A non-asymptotic framework for approximate message passing

Date
Thu April 6th 2023, 4:30pm
Location
History 034
Speaker
Yuting Wei, Wharton/U Penn

Approximate message passing (AMP) emerges as an effective iterative paradigm for solving high-dimensional statistical problems. However, prior AMP theory, which focused mostly on high-dimensional asymptotics, fell short of predicting the AMP dynamics when the number of iterations surpasses o(log n / log log n) (with n the problem dimension). To address this inadequacy, this talk introduces a non-asymptotic framework towards understanding AMP. Built upon a new decomposition of AMP updates in conjunction with well-controlled residual terms, we lay out an analysis recipe to characterize the finite-sample convergence of AMP up to O(n / polylog(n)) iterations.
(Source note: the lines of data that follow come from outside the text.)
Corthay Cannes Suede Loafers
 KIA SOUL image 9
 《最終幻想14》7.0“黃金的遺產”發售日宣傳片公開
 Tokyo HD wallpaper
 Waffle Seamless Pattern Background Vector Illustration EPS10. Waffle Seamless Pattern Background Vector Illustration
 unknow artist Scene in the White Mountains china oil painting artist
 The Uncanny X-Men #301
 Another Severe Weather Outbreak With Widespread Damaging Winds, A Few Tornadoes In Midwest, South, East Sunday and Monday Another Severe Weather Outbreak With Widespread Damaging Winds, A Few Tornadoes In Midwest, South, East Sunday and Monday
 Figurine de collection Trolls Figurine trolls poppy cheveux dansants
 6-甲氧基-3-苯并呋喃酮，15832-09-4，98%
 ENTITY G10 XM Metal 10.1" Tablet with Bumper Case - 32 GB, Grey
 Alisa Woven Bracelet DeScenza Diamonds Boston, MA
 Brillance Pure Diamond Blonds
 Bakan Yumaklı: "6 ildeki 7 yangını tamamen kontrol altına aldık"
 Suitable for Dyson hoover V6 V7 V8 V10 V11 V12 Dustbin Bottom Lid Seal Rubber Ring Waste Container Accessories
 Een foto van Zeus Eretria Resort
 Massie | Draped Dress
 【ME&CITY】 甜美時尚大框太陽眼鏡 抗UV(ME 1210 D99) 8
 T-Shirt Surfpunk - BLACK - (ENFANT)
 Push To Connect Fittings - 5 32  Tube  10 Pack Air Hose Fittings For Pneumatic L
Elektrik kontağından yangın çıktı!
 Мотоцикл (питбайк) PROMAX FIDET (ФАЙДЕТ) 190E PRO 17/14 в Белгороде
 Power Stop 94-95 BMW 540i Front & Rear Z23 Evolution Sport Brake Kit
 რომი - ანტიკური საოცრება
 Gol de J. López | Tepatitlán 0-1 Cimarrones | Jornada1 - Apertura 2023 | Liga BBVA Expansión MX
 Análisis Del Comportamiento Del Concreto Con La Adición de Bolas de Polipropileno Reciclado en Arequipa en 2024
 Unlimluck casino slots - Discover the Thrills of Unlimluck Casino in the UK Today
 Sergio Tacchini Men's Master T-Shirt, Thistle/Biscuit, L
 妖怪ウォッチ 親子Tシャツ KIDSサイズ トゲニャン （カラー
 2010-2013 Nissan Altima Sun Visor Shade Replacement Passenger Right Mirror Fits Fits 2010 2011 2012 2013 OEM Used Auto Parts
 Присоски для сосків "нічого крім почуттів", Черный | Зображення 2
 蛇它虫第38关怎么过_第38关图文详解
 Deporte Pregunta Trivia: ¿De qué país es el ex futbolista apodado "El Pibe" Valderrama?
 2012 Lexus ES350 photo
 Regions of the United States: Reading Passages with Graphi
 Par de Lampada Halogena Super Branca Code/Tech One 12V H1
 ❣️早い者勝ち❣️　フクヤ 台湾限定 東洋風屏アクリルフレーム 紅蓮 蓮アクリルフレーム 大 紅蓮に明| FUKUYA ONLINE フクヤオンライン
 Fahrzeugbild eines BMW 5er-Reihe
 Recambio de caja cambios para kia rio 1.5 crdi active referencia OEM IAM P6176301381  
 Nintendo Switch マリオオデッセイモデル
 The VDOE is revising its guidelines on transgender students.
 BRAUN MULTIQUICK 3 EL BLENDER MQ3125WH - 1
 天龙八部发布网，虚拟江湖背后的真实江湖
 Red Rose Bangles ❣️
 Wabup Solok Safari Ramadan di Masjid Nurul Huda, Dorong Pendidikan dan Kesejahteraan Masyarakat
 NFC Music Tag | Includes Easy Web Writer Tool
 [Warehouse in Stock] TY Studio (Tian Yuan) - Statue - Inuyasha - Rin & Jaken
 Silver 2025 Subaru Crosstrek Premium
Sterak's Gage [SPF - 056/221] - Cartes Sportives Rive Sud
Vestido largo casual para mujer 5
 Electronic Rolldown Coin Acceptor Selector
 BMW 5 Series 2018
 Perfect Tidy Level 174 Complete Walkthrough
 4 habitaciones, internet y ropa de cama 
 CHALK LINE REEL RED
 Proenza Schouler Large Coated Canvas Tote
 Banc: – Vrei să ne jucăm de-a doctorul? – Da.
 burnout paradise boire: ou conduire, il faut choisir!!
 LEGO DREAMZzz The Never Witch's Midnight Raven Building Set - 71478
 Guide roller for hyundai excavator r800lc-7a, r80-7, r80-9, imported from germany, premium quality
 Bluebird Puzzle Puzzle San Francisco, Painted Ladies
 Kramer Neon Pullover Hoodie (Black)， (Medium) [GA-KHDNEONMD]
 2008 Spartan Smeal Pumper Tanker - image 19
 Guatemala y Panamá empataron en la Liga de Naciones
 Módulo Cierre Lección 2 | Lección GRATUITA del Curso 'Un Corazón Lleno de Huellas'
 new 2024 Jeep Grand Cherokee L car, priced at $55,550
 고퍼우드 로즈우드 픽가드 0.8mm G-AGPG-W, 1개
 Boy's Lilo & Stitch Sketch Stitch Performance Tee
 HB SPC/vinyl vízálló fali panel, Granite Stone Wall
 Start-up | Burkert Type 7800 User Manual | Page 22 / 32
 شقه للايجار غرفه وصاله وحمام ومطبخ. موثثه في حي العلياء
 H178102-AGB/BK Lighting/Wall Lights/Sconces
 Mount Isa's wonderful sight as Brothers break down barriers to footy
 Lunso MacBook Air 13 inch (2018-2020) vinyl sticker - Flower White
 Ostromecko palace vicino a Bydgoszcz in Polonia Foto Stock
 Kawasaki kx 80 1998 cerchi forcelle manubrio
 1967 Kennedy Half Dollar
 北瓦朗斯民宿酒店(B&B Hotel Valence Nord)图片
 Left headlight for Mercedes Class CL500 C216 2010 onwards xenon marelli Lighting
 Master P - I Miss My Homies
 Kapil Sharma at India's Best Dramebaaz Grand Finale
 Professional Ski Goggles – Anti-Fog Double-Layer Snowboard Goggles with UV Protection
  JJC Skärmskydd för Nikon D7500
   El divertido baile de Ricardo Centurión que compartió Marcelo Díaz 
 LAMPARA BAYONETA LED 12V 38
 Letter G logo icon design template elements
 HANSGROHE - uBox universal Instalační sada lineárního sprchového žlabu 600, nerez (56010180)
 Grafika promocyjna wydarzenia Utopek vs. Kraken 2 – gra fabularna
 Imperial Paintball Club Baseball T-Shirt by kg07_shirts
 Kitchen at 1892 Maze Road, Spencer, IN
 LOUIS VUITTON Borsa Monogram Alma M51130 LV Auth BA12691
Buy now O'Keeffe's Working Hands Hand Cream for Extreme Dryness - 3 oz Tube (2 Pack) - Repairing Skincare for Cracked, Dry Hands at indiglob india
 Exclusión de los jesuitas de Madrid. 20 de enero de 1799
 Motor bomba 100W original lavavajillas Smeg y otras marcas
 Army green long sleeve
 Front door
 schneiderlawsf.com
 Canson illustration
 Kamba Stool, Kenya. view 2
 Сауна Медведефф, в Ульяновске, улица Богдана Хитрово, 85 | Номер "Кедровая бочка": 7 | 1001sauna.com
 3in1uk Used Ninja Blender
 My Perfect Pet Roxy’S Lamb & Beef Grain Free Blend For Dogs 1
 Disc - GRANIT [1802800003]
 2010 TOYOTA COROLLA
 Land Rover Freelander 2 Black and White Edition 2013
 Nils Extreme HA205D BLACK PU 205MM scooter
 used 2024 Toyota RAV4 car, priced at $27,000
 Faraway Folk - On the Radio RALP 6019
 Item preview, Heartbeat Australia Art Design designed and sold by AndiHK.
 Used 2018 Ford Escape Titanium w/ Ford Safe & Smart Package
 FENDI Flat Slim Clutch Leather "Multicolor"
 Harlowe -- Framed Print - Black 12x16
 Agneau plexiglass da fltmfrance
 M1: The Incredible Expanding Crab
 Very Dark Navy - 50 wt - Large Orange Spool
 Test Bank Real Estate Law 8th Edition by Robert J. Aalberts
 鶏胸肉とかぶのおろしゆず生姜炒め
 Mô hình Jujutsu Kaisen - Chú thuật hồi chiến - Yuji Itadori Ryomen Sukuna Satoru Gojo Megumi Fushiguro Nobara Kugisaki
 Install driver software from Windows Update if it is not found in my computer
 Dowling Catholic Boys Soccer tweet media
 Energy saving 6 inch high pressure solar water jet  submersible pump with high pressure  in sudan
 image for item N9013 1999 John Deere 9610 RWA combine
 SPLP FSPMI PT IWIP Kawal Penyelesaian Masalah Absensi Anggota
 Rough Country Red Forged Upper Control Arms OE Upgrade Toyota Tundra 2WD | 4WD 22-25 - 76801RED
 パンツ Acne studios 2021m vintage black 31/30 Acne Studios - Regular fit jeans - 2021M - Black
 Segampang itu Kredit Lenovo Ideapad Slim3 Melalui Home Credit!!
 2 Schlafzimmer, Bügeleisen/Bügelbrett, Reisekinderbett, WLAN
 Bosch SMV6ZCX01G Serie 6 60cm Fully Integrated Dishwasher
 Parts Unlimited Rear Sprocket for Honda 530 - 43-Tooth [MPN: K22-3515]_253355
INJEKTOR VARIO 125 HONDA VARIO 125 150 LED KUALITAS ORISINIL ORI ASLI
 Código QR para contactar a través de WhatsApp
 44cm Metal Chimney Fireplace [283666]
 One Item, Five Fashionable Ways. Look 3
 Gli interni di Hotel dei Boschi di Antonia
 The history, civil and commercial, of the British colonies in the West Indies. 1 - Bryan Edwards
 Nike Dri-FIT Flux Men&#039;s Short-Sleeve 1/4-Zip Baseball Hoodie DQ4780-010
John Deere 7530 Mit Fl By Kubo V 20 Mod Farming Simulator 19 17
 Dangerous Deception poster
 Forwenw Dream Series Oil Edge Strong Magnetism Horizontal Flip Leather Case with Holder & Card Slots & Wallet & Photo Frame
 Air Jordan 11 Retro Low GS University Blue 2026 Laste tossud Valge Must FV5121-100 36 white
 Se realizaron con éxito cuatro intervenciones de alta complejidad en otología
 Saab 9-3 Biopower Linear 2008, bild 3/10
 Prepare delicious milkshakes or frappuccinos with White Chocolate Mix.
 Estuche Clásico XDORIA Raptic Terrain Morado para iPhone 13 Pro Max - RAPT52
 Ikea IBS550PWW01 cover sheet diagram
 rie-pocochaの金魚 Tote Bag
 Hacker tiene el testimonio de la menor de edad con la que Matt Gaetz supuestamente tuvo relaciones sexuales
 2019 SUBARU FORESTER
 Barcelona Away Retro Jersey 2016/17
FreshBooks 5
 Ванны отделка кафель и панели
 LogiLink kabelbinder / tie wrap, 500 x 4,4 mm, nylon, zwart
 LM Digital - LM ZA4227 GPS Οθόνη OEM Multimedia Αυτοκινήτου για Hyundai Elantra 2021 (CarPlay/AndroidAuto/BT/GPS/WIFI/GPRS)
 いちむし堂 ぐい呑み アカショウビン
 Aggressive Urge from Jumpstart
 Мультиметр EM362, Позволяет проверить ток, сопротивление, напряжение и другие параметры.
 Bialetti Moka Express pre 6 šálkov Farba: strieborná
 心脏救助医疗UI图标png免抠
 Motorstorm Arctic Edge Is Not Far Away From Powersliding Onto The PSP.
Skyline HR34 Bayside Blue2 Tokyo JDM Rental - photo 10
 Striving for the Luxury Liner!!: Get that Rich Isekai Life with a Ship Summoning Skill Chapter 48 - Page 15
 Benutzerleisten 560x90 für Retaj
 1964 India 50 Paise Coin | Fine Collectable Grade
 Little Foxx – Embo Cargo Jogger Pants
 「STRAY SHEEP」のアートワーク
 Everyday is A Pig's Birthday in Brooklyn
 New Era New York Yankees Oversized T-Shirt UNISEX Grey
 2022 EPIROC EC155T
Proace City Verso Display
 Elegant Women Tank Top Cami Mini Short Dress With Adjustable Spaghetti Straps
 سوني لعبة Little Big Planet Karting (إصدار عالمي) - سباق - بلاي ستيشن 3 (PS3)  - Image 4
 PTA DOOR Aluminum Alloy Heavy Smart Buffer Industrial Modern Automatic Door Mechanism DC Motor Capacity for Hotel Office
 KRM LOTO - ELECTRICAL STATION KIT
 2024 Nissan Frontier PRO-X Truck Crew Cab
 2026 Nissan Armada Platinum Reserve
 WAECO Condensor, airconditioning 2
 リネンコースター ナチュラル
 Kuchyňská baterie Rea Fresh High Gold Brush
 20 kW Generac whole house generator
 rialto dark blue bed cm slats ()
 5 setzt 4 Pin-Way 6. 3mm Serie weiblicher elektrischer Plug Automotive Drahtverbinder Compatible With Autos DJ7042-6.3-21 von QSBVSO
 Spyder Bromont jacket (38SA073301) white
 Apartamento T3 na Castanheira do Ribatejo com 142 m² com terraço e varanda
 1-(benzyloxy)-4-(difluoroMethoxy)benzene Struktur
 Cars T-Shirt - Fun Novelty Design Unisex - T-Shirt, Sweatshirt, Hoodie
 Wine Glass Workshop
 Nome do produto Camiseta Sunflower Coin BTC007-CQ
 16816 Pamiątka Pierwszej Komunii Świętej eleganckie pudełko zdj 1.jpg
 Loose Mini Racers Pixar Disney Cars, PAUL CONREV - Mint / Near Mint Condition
We will discuss concrete consequences of the proposed analysis recipe in the Z2 synchronization problem; more specifically, our theory provides the first non-asymptotic characterization of AMP in this model without requiring either an informative initialization (e.g., spectral initialization) or a subsequent refinement stage (as conjectured recently by Celentano et al.). Time permitting, we will also discuss the non-asymptotic behavior of AMP in sparse PCA (in the spiked Wigner model).